Di samping itu, gubernur visioner ini juga mengeluarkan kebijaksanaan berupa Perda yang menggarisbawahi eksistensi LPD di Bali, dengan menyebut LPD sebagai suatu Badan Usaha Simpan Pinjam yang dimiliki oleh desa adat yang berfungsi dan bertujuan utama untuk mendorong pembangunan ekonomi masyarakat desa melalui tabungan yang terarah serta penyaluran modal yang efektif. Yang berarti Perda tersebut menyatakan bahwa desa adat ditetapkan sebagai pemilik dan sekaligus sebagai pengelola LPD. Dengan perkataan lain, LPD mempunyai peran sebagai lembaga yang berperan untuk meningkatkan kesejahteraan rakyat melalui pembangunan ekonomi kerakyatan, di samping LPD sebagai sumber pendapatan asli desa adat, karena di dalam perda tersebut ditetapkan 20% dari keuntungan yang diperoleh LPD diperuntukkan bagi peningkatan keberdayaan desa adat.
Setelah purna tugas sebagai Gubernur Bali, Prof. Dr. Ida Bagus Mantra diberi kepercayaan untuk memangku jabatan sebagai Duta Besar Luar Biasa di India untuk masa bhakti tiga tahun (1989-1992).
Setelah masa bhakti sebagai duta besar berakhir dan masa purnabhakti sebagai guru besar sejarah kebudayaan di Fakultas Sastra, Universitas Udayana Denpasar pada tahun 1993. Negara kembali memberikan kepercayaan kepada Ida Bagus Mantra sebagai anggota Dewan Pertimbangan Agung (DPA) untuk masa bhakti lima tahun (1993-1998).

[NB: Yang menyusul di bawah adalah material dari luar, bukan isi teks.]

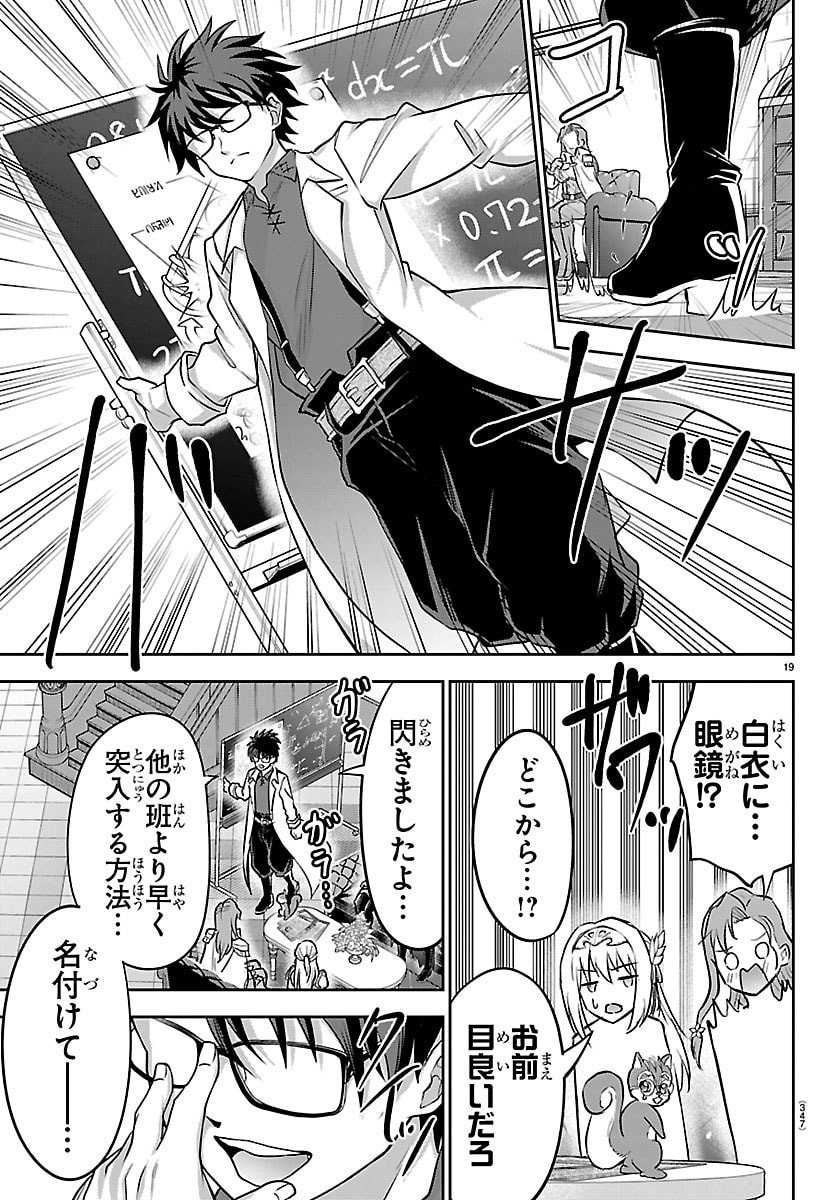 チェリー勇者とせいなる剣 Chap 50 - Next Chap 51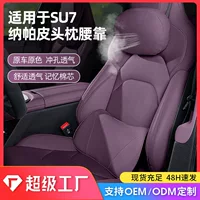 Подходит для подголовника из пены с эффектом памяти Xiaomi SU7, подушки для шеи, автомобильной поясничной подушки, поясничной подушки, подголовника спортивного сиденья оптом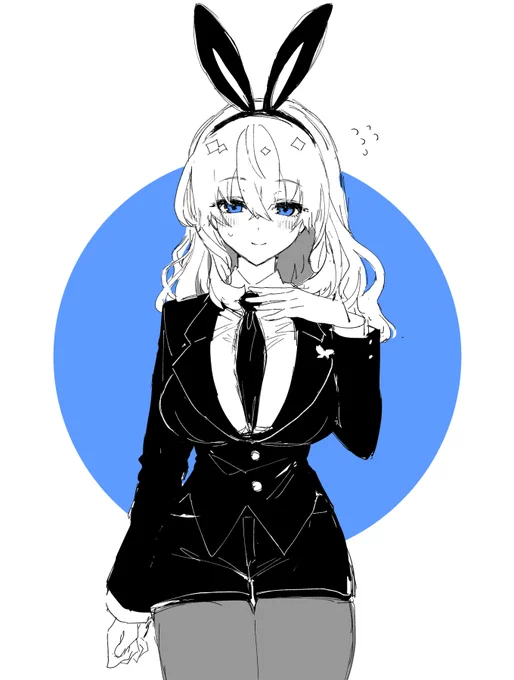🐰 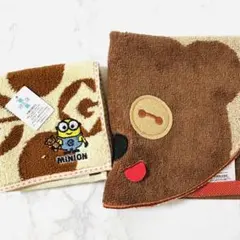 【ミニオン】ミニタオル×2枚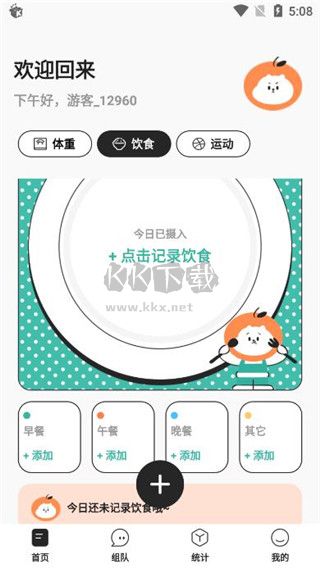 饭橘减肥app最新安卓版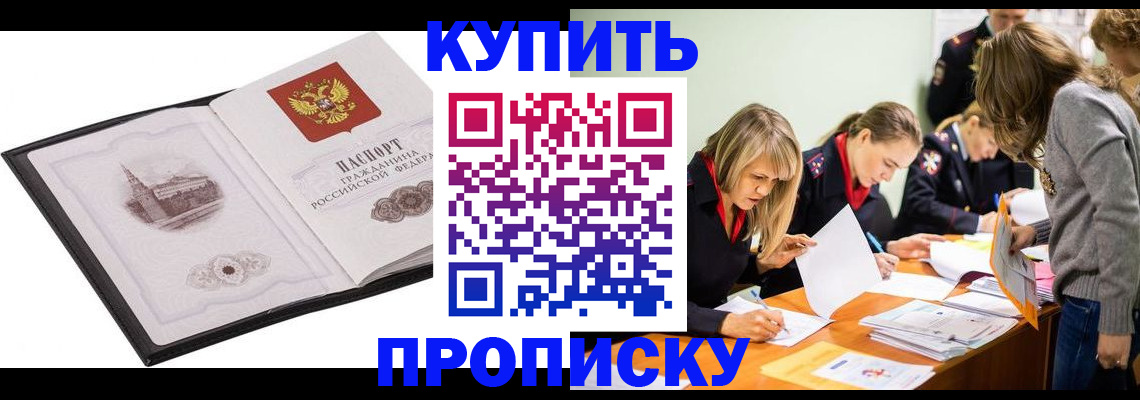 временная регистрация недорого в Саранске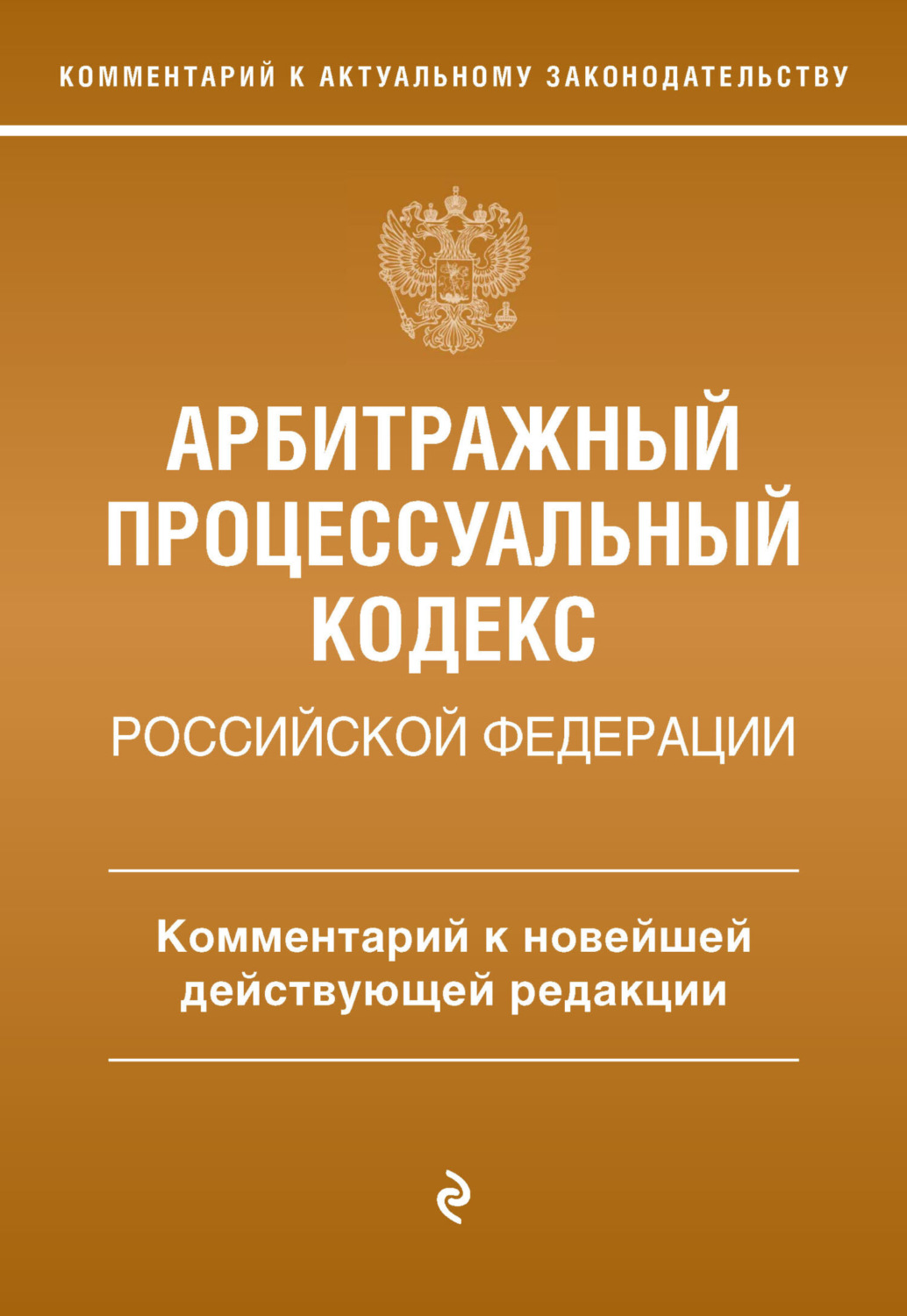 Обложка книги «Арбитражный процессуальный кодекс Российской Федерации. Комментарий к новейшей действующей редакции»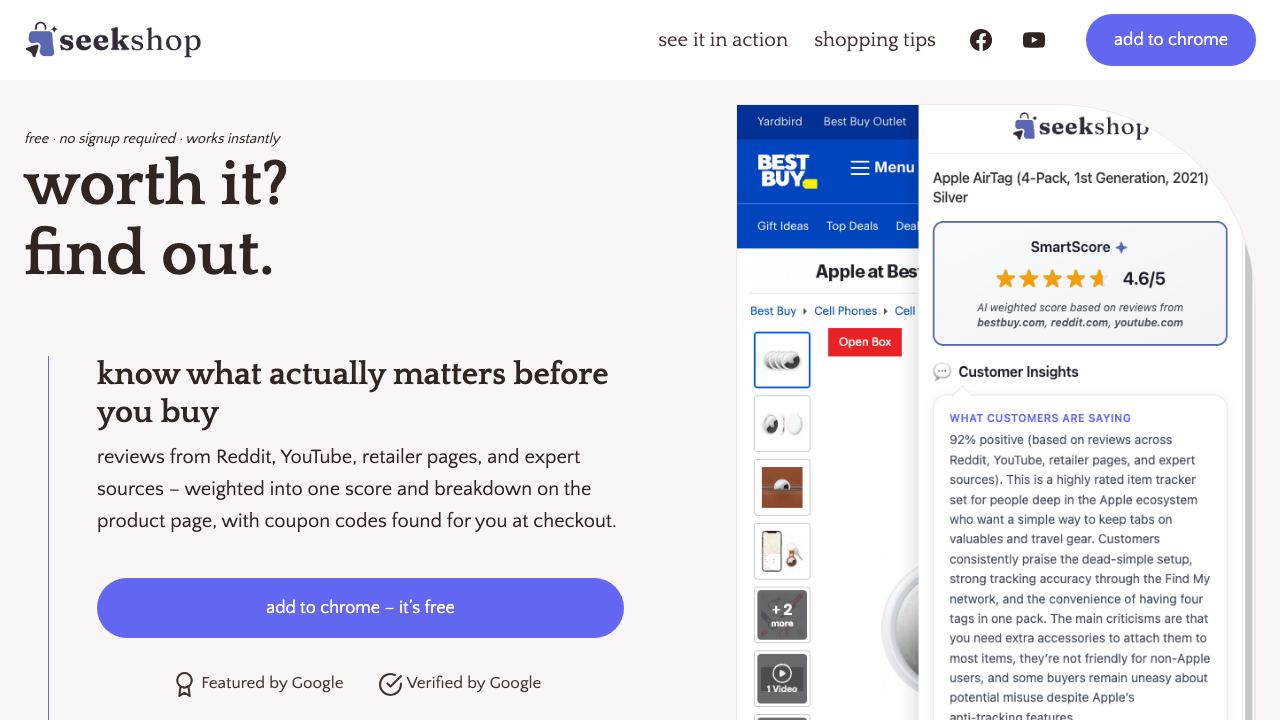 SeekShop 网站截图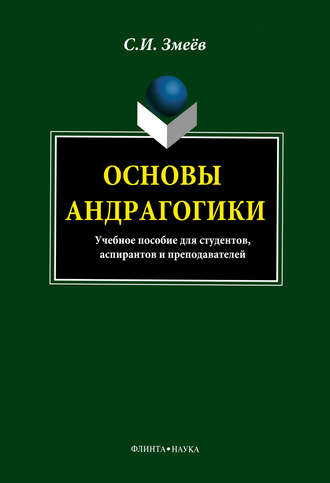 С. И. Змеёв. Основы андрагогики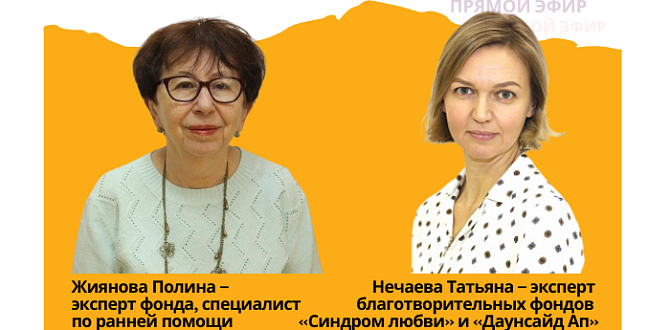 «Родитель и специалист ранней помощи: что делать, если…?» 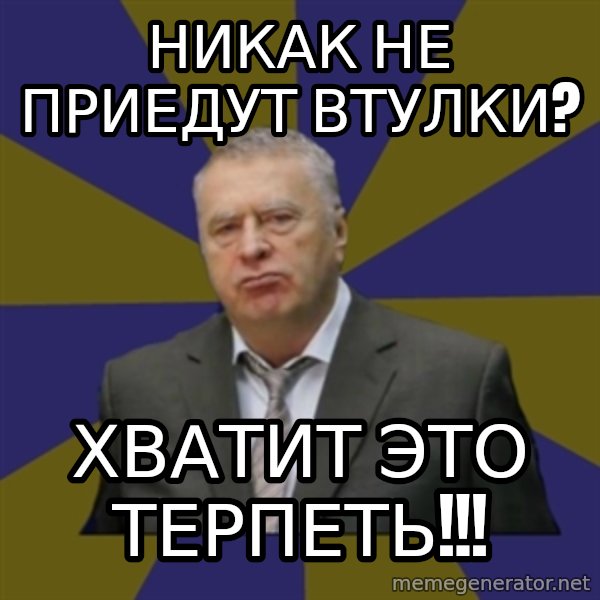 Vladimir Zhirinovsky meme: никак не приедут втулки? / хватит это терпеть!!!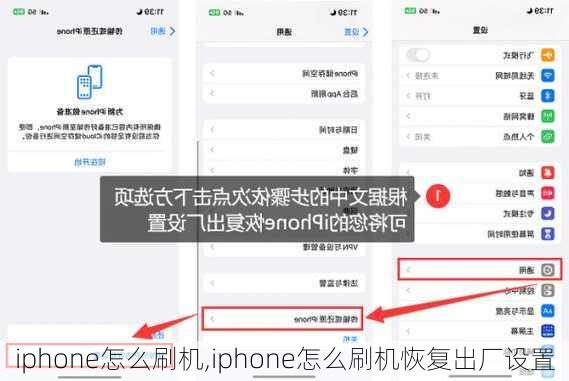 iphone怎么刷机,iphone怎么刷机恢复出厂设置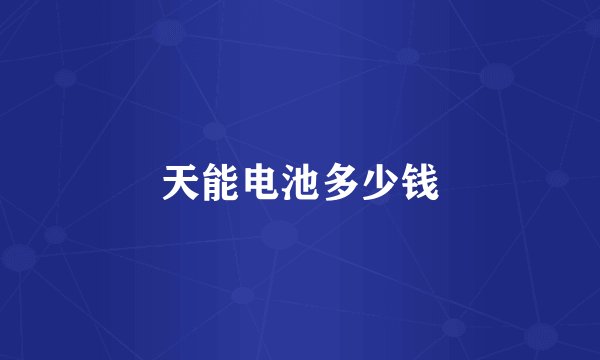 天能电池多少钱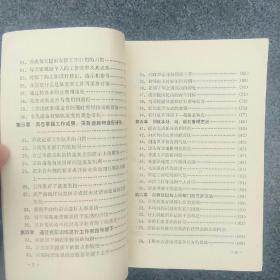 提高管理能力的100个诀窍(无姓名印章字迹)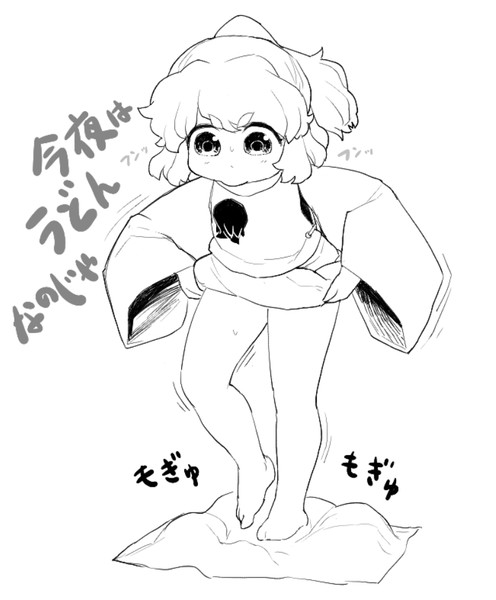 うどんをこねる布都ちゃん 呼無木 さんのイラスト ニコニコ静画 イラスト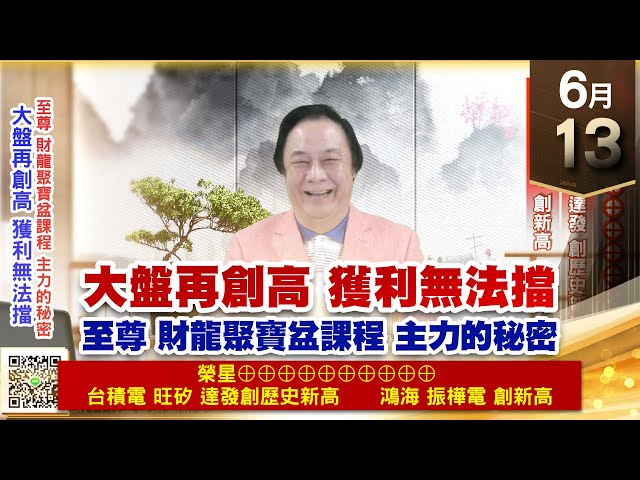 【王者至尊】王曈 0613《【大盤再創高 獲利無法擋】》榮星⊕⊕⊕⊕⊕⊕⊕⊕⊕⊕，台積電、旺矽、達發創歷史新高，鴻海、振樺電創新高｜【光學王+安控王+IC設計王】加入line@ king5588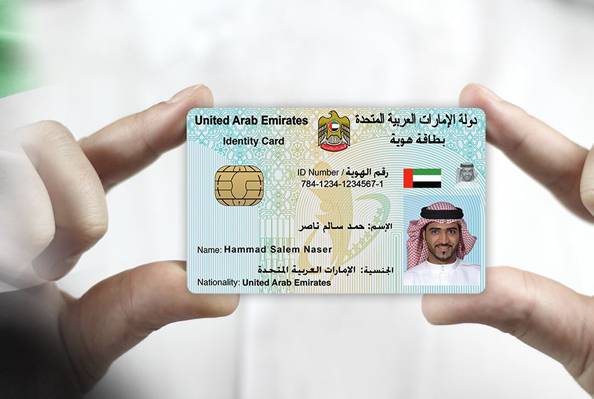 Emirates id card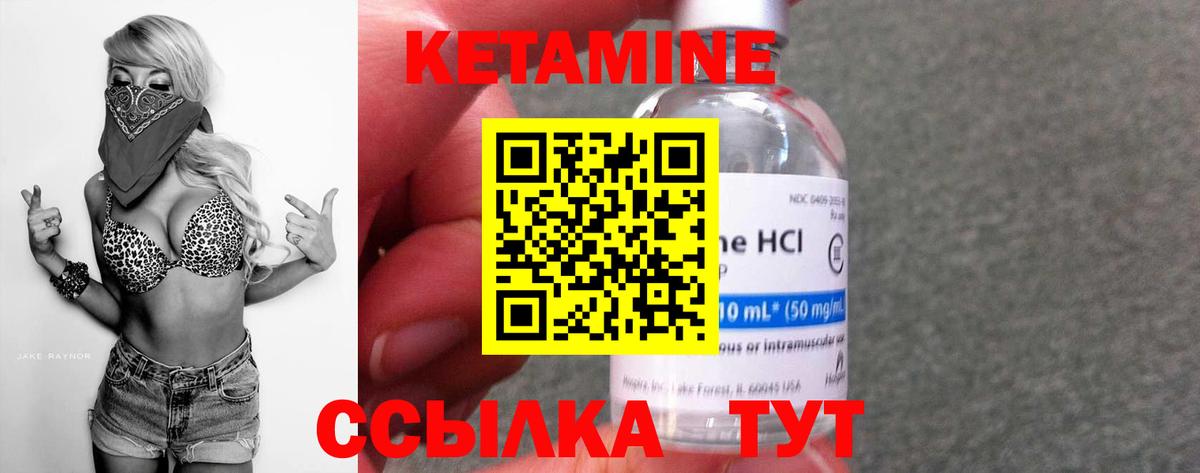КЕТАМИН VHQ Десногорск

Pada 10 Juli 1995, Ida Bagus Mantra menutup usia. Namun hingga sampai kini segala dedikasinya pada Bangsa dan Negara tetap dikenang sepanjang masa, khususnya jasanya dalam meletakkan pondasi penting pembangunan dan tatanan kemasyarakatan di Bali mewujudkan Bali yang berbudaya adiluhung ini senantiasa abadi.